好きになった人は吸血鬼でした。―さくらの血契1―【完】


「一般的に言えばそうかもしれませんが、母上はこの時代に俺を産んでくださった。白のいる今に。それだけで、俺は十分です」

「………」

まことは女性であるのに、男としてしか生きる道のない白。母上にとっては、親友の愛娘。

「そういえば母上、どうやってここへ来たんです? 母上の使役(しえき)に時空の転移が出来るものはいませんでしたよね? 涙雨は遣いに出していませんが」

「水鏡繋いでぶち破ってきました。手っ取り早かったので」

「………」

水鏡は連絡手段なんだけどなあ……。微笑のまま固まる俺。……白の評通り、自分は、母上を越えられそうにない。
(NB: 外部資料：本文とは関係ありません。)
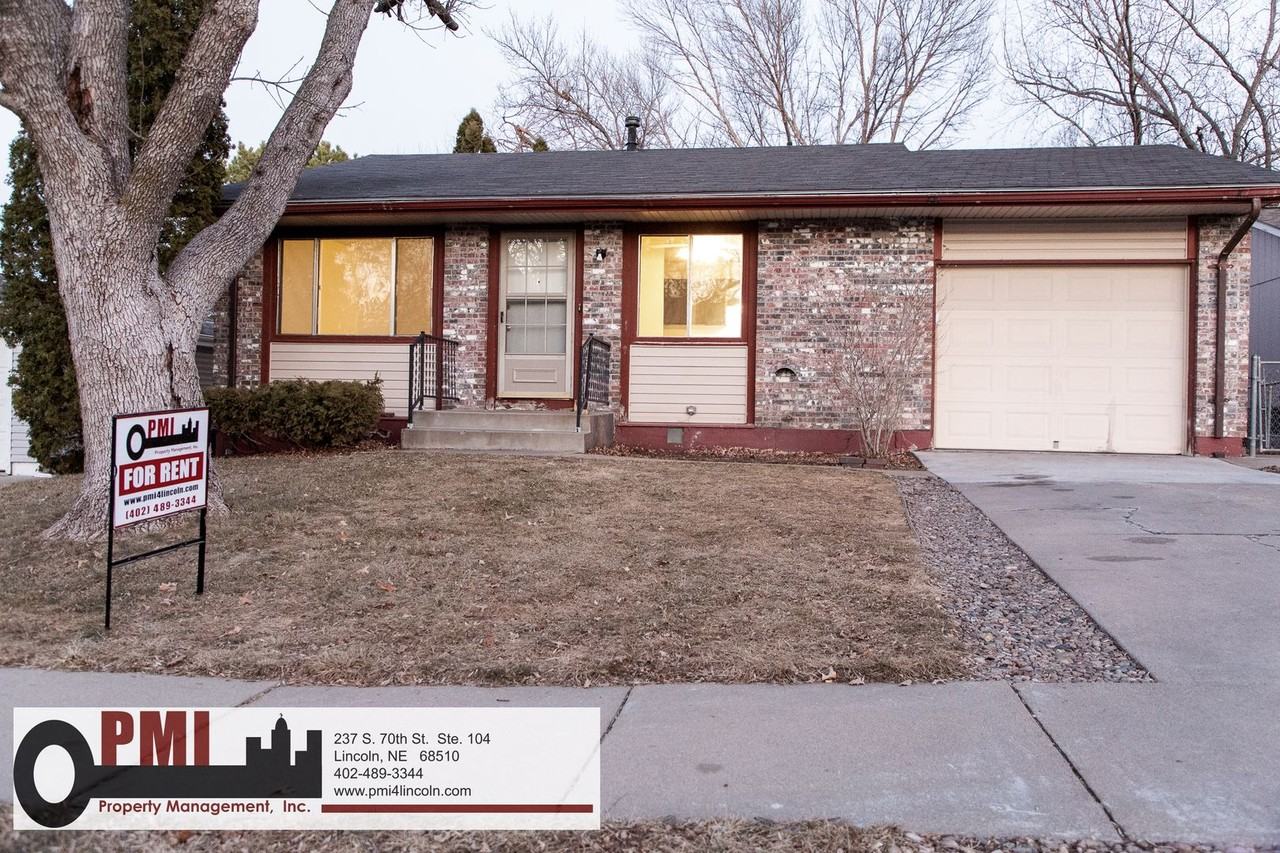 4816 Southwood Dr - Photo 2 of 45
「そろそろ戻ります。本家もそのままにしてきてしまいましたから」

「すぐに戻った方がいいですよ。母上待望論も多くありますから」

母上は納得のいかない顔でこちらを見返してから、手の中で術式を発動させた。

人を覆うほどの水鏡が出現して――普通の人には視えないもの――、母上は俺を振り返った。
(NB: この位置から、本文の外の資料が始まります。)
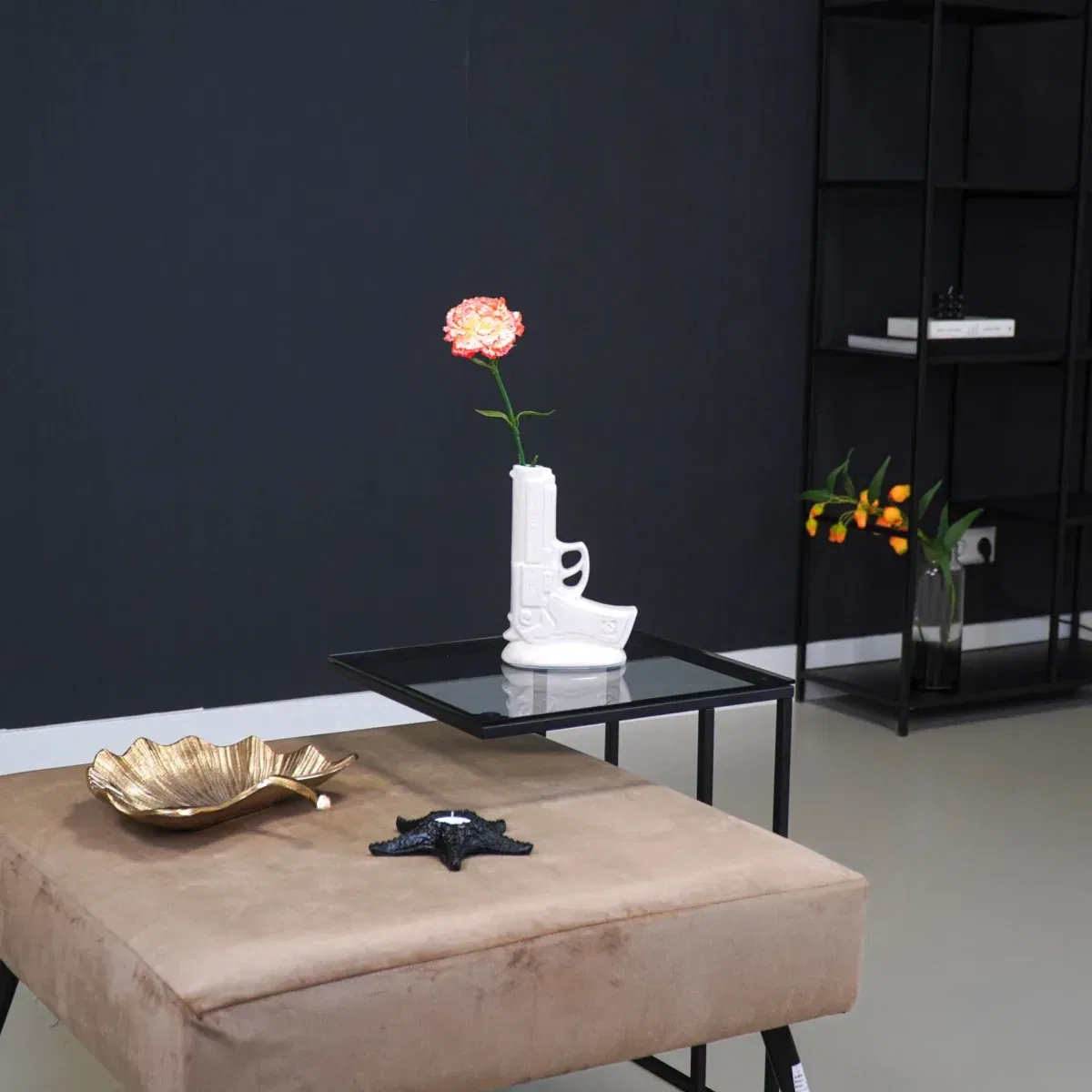 Pistool vaas beige wit 15x9x23cm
「出来ることなら、お前も一緒に暮らしてほしいものです。本家でとは言わないから、考えておきなさい」

そのまま、水鏡の鏡面に姿を消した。

母上の影までが鏡に呑まれると、水鏡は霧散した。術式の残滓を手中に収めて、握りつぶす。

「俺は一人のが合ってるんですよねえ」

白以外といるのは、なかなか苦手なんです。


母上の目覚め、そして始祖の転生があることが知れると、俺の周りは一気に慌ただしくなった。

俺が転生を保護していると、すぐに知れ渡ったからだ。

一目逢ってみたい、どのようなお人なのか、と、俺への文が山と届いたのだ。

「おーおー、真紅は大人気だなぁー」

小路一派の各家から届く文をまとめてぐしゃりと潰して、庭で水やりをしていた縁に声をかけた。

「縁―、暇なときでいいから、これ燃やしておいてくれ」

「これ? ……いいの? そんなの燃やしちゃって。黒藤がそんな態度だから陰口叩かれてんのよ」

腰に手を当てて怒る縁だが、俺にダメージはない。

「ごみだ。ちょっと出てくるから、留守番頼む」

「わかった。昏くならないうちに帰ってきてねー」

「おう」

一つ肯き、羽織を手にして庵を出た。


私とママは、二人のいたアパートから一番近い、影小路所有の家で暮らすことになった。もちろん紅緒様も一緒だ。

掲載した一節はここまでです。